====== Recorded data ======

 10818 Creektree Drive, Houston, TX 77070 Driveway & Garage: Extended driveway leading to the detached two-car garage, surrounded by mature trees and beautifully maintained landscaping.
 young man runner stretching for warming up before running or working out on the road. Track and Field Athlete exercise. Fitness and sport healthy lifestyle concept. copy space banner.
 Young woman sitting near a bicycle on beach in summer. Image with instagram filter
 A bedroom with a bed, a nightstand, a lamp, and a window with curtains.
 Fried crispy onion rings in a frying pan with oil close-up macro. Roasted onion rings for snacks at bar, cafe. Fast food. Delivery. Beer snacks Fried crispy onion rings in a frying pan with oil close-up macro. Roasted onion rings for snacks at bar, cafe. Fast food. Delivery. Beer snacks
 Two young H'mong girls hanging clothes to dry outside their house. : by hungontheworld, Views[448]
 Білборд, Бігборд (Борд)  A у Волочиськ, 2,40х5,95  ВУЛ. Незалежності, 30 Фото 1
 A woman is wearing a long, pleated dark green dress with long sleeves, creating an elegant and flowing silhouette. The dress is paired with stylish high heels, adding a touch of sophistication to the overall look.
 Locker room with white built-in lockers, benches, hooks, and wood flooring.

======

- _Brief_
Return every line above that contains the word "woman".

- _Result_
 Young woman sitting near a bicycle on beach in summer. Image with instagram filter
 A woman is wearing a long, pleated dark green dress with long sleeves, creating an elegant and flowing silhouette. The dress is paired with stylish high heels, adding a touch of sophistication to the overall look.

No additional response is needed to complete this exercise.